Corrections into the New Year
Well first off... I have to correct my last post. Non-Jews are exempted from military service, which is to say their country does not call them to serve. This is indeed a profound difference from my previous understanding, which was that non-Jews were prohibited. Nevertheless, I can only imagine that this rule would seriously undermine a citizen's sense of partnership with the nation of Israel. In fact, I believe for many Israelis, service is held as the highest of responsibilities, and the ultimate symbol of membership.
I spent the past 24 hours in Omer, which is a suburban community next to Be'er Shevah, I went down to attend a party in Imri's honor at his father's house. He bought 25 bottles of vodka in preparation for the party (he expected 150 people to show up, of which only 30 actually came), only 3 bottles were consumed by the end of the night. Clearly he's not an organizer.

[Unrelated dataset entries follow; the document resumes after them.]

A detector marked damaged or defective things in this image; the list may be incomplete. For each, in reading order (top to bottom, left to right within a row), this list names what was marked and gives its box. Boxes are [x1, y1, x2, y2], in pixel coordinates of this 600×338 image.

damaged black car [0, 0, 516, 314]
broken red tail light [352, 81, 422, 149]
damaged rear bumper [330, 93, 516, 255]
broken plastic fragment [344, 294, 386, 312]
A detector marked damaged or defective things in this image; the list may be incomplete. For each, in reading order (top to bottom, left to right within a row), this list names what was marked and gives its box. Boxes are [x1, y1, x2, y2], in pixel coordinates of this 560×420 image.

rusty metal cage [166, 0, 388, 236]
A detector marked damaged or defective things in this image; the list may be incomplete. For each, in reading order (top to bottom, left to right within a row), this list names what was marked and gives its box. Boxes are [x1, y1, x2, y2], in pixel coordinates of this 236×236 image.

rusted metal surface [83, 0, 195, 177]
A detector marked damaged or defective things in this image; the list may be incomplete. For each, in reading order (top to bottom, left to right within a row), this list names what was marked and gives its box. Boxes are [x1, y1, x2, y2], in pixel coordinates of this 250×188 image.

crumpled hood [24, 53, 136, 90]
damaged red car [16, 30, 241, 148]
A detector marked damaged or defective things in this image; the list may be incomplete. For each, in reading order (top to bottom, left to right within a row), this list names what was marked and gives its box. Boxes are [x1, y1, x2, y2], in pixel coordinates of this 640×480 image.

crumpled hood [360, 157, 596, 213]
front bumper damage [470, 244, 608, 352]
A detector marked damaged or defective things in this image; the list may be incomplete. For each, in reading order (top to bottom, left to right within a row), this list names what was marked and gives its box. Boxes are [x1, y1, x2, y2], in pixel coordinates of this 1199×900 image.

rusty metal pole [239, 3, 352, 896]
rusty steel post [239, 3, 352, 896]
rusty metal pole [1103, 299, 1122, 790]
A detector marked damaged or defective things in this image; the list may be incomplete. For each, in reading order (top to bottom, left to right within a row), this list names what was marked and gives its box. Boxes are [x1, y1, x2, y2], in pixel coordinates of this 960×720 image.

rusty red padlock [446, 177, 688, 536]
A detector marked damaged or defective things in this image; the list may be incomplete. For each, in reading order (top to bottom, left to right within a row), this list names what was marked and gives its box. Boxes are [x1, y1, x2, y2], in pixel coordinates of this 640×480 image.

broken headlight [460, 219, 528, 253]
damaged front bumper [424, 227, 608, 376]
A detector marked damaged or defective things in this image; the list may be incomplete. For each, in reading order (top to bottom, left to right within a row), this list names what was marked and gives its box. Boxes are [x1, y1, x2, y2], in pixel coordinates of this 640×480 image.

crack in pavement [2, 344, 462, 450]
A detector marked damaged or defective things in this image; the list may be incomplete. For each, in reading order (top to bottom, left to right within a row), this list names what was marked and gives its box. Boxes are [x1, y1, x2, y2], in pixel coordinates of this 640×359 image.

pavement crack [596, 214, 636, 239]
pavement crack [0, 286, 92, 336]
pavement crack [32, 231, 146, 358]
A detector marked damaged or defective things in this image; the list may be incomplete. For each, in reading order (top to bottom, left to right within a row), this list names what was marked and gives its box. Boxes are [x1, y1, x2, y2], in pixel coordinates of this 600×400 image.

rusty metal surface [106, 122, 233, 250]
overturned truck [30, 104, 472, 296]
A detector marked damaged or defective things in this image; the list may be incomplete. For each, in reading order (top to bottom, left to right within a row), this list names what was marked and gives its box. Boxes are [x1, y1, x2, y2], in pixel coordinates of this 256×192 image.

I took a bus to get to Omer, which I caught at Tel Aviv central bus station. In order to keep terrorists off the busses, there is an elaborate security procedure (not unlike what we go through at American airports) used to screen bags and people for dangerous items. The only problem is, at a busy bus station in Tel Aviv there is a huge bottleneck that accumulates at the checkpoint. In the process of waiting to be screened, I was stuck in the middle of a mass of surly Jews pushing their way to the front of the line. And the whole time, all I could think about was the fact that all a terrorist would have to do is plant himself in the middle of all these people (packed in like sardines) and would easily be able to take out thirty to forty men, women and children. Major oversight.
Israel is a civilization living at the edge of Middle-Eastern extremities, sometimes I am overwhelmed by the sensation of being in the midst of lemmings plodding tribally off to sea. The landscape here is so bleak, miles and miles of terra-formed desert, undulating tracks of green agriculture punctuated by man-made sand dunes, remnants of some unfinished construction project. To the Israelites this little strip of land seems to hold endless potential, and so they sweat, bleed and toil towards a dream that to many an outsider is a bit outlandish, literally. I appreciate the spiritual significance and theoretical symbolism that a greater Zion provides the Jewish people – a heartland. It is a space to celebrate and cherish a crippled history, scarred by years of suffering, discrimination and attempted genocide. But sometimes this history is just too much to bear, I am distraught by the thought that Israel is a projection of the past. It is a metaphorical land that in many ways is the physical embodiment of all these things at once – a story of benevolent perseverance, and incredible, unbearable suffering.